L'ermitage de Bermont fut fondé certainement au
XII° siècle par l'abbaye de Bourgueil du diocèse
d'Angers. Il appartenait toujours vers la fin du XIIIe siècle,
à cette abbaye qui y entretenait un religieux. Cet ermitage
étant fort éloignée du monastère de
Bourgueil et dont l'entretien, devait être onéreux,
les Bénédictins jugèrent avantageux de s'en
séparer ; c'est ce qu'ils firent en faveur de Geoffroy de
Bourlémont, le lundi avant la Saint-André en l'an
de grâce 1263.
Geoffroy de Bourlémont avait autrefois fondé
l'hospice de Gerbonvaux. Conformément à l'acte de
vente, il joigna, en 1265, à l'hospice, la "maison"
de Bermont avec ses dépendances, rentes et revenus, à
condition que les frères feraient célébrer
l'office divin, au moins trois fois par semaine, dans la chapelle
de Bermont : "la maison de Biaumont avec ses dépendences
et les rentes et acquêts de la tenue de ladite maison, ainsi
ceux qu'il pourroit faire, soit en four, moulin, étang
ou autrement, afin que des rentes de ces maisons, le maître
et les malades de Gerbonval puissent être soutenus, et que
les maîtres et frères chantent ou fassent chanter en
la chapelle de Biaumont au moins trois fois dans la semaine
". Celle-ci devint donc une succursale de l'hospice. Cet ermitage
de Bermont demeura lié au sort de l'hospice de Gerbonvaux
jusqu'à la Révolution.
Un titre de 1269 nous apprend qu'il y avait près
de Bermont une tuilerie et deux étangs. En 1595, toute la
chapelle fut couverte à neuf.
Peu après, le
maître de Gerbonvaux désira s'affranchir des obligations
de Bermont.

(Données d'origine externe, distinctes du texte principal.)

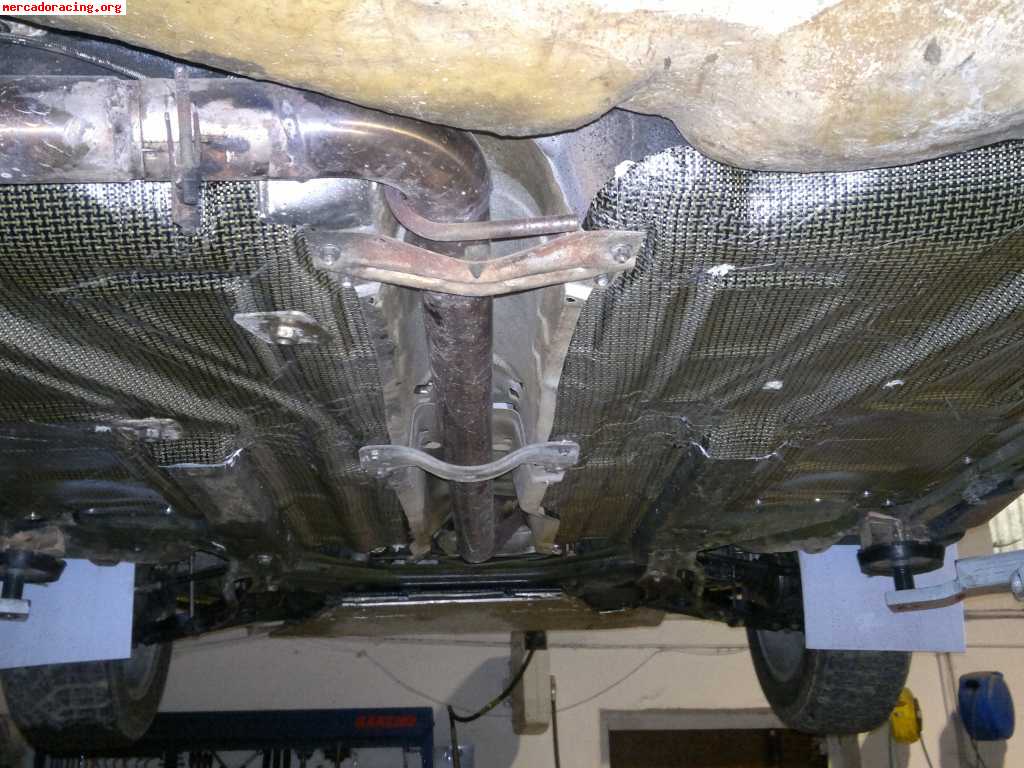 Seat ibiza tierra seat sport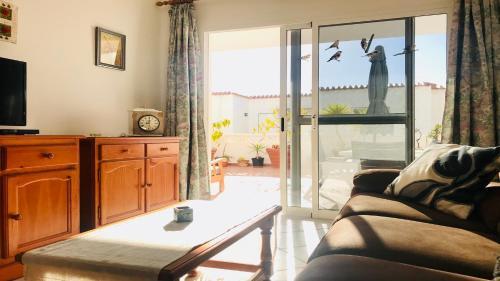 Apartamento Bahia Sunlight By Solymarcalma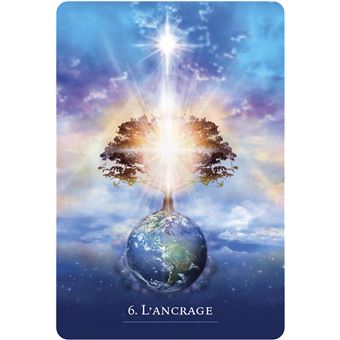 Le langage secret de la lumière - Découvrez les messages transmis par votre âme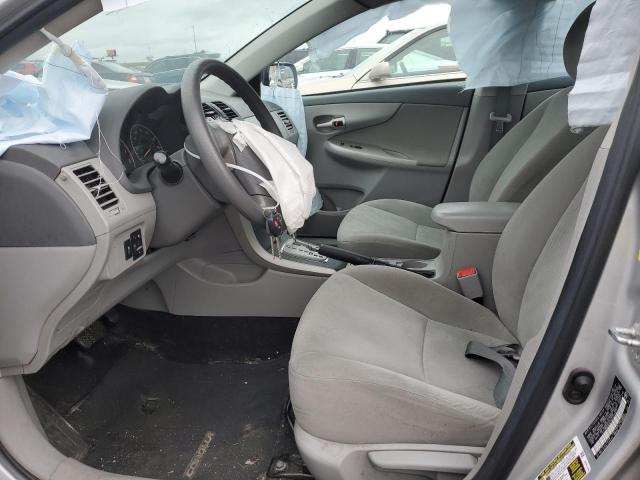 Zdjęcie 7 z aukcji – 2010 TOYOTA COROLLA BA z VIN 2T1BU4EE1AC419622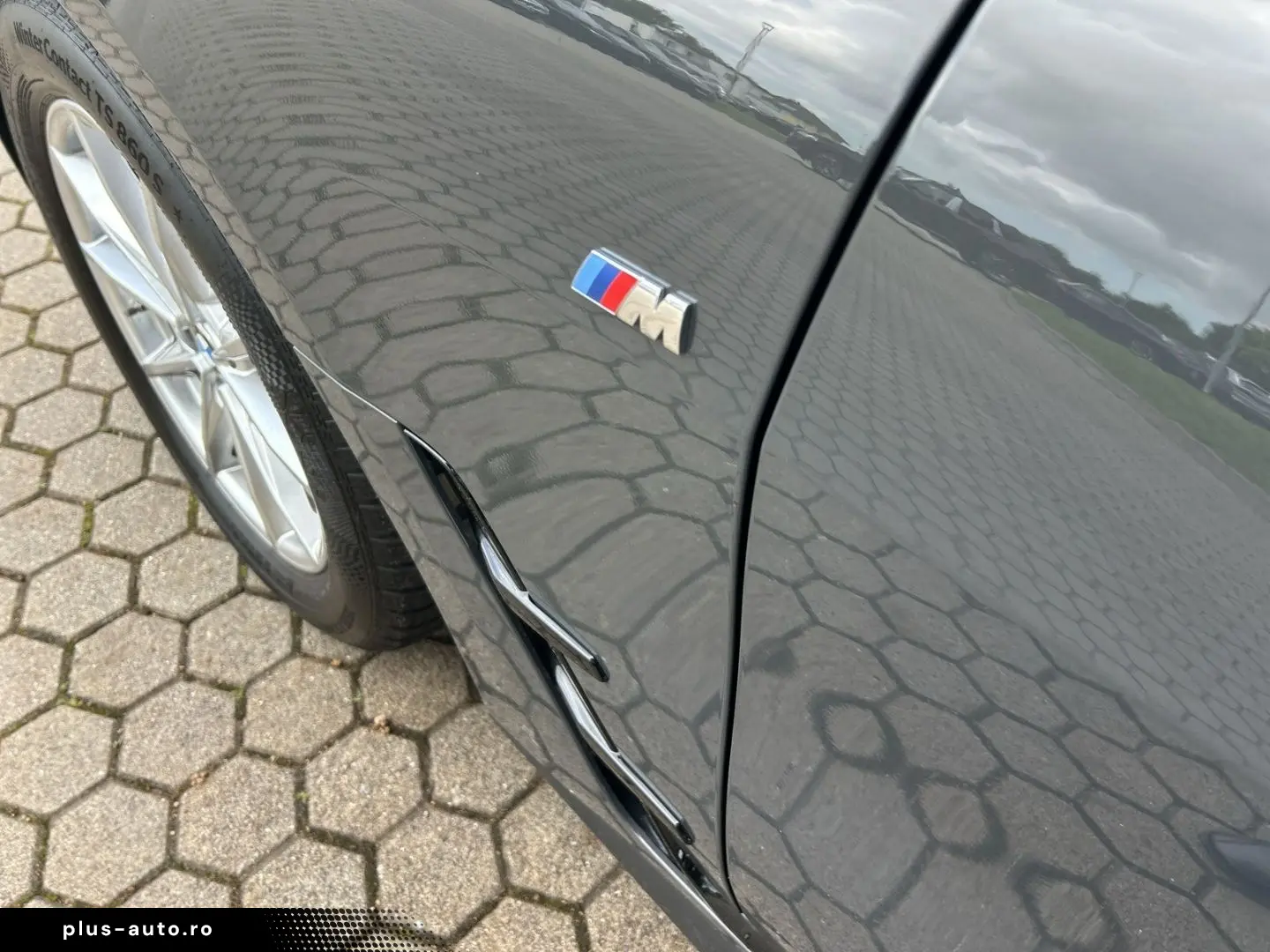 420 Gran Coupe M Sport Navi Leder Soundsystem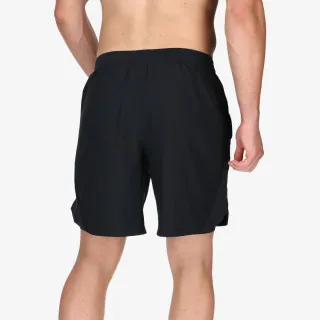 Under Armour Šorc Launch 2-IN-1 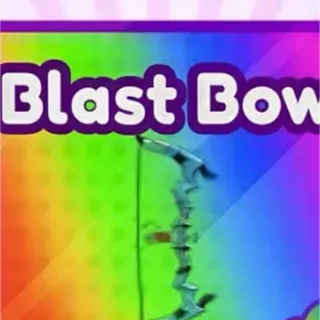 Blast bow baddies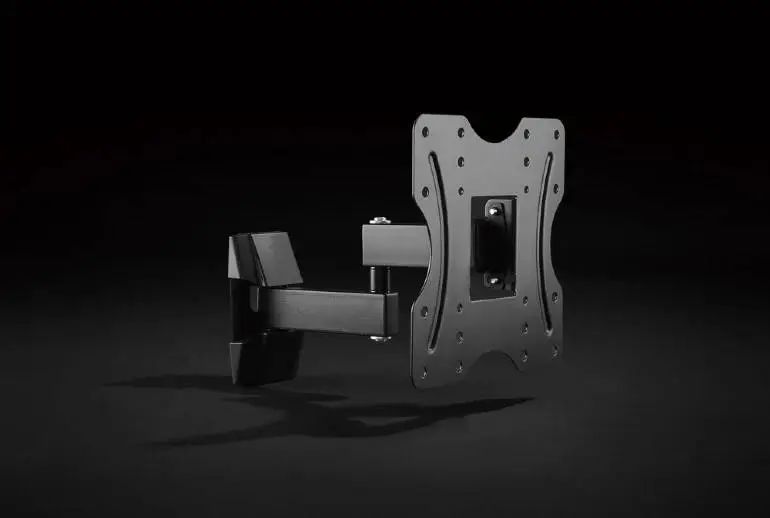 Gembird стенна стойка за телевизор TV Mount - WM-42ST-01 - 23"-42", 20 kg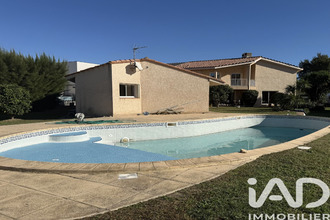 achat maison villelongue-de-la-salanque 66410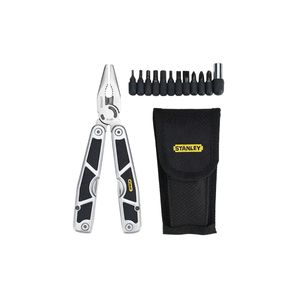Multiherramienta negro Stanley 94-806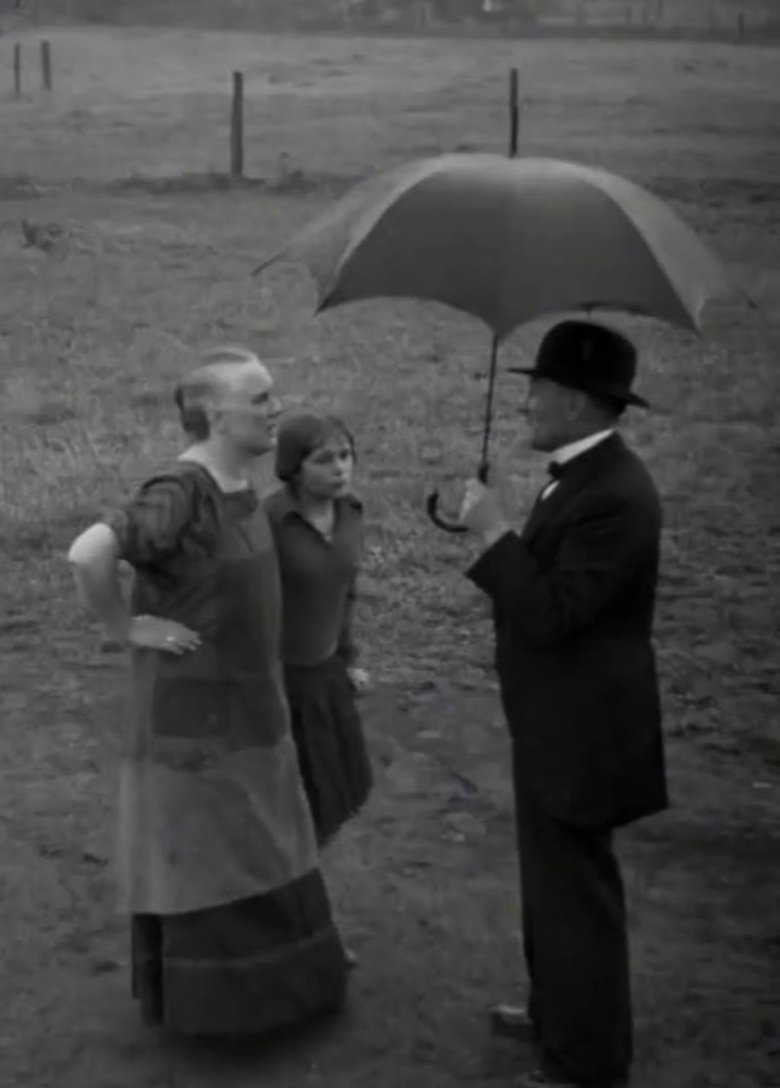 Les maisons de la misère (1936)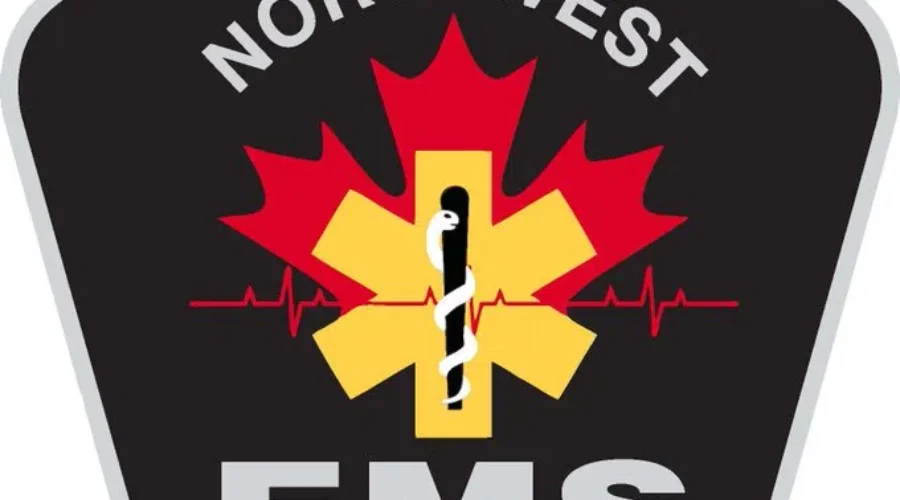 northwestems KDSB Honouring Local Paramedics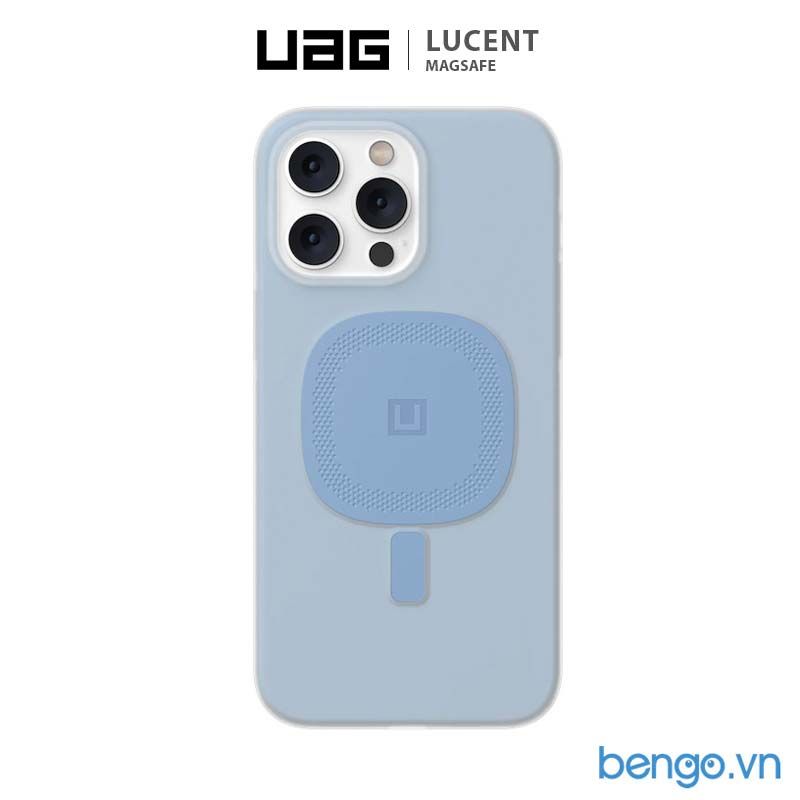 Ốp Lưng UAG Lucent 2.0 MagSafe IPhone 14 Pro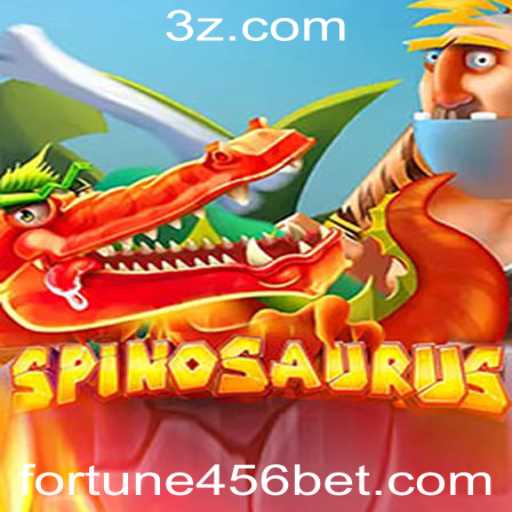 Descubra o Mundo Emocionante do Spinosaurus: Uma Aventura com 456BET Fortune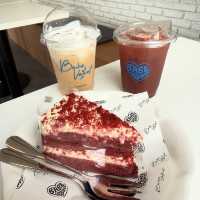 Hi babe cafe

L'affaire vint devant le tribunal ecclésiastique
et l'Official, par le chanoine de Vaucouleurs, rendit une sentence
le 8 janvier 1601 le tenant à célébrer un office
le dimanche et les jours de fêtes, assavoir "Pasques,
Penthecostes, Assention, Saint Jean Baptiste, Toussainctz, le jour
du Saint Sacrement, Noël et toutes les festes de Nostre Dame,
et ès jours de feste Monsieur Sainct Thiébaut, soub
l'invocation duquel Sainct ladicte chapelle est fondée".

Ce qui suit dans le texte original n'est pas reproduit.